C’est une maison en briques d’allure banale dans un village de l’Uttar Pradesh on ne peut plus commun, plantée au milieu des champs, dont l’accès est désormais gardé en permanence par vingt policiers en treillis, armés de fusils. Un contingent a été assigné par les autorités pour en contrôler l’entrée jour et nuit, et surveiller les faits et gestes de ses occupants. Outre un mirador, huit caméras de vidéosurveillance enregistrent le moindre mouvement.
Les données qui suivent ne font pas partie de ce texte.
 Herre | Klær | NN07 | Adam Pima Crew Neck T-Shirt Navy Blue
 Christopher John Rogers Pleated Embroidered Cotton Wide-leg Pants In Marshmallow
Dans la cour d’une maison voisine, le visiteur a obligation de consigner dans un registre ses identité, adresse et téléphone, avant de passer par un portique équipé d’un détecteur de métaux.
Voilà plus d’un an qu’à Hathras, dans ce district du nord de l’Inde, la vie d’une famille de dalits (« opprimés », le nom que se sont choisi les anciens « intouchables ») a basculé dans un cauchemar sans fin. Le 14 septembre 2020, leur fille, 19 ans, partie ramasser du fourrage, a été victime d’un des viols collectifs les plus sordides de ces dernières années. Asha (un nom d’emprunt, car la loi indienne protège l’identité des victimes d’un crime sexuel) avait été assaillie par quatre hommes qui, après avoir abusé d’elle, l’ont traînée par le cou avec son foulard, lui brisant la colonne vertébrale.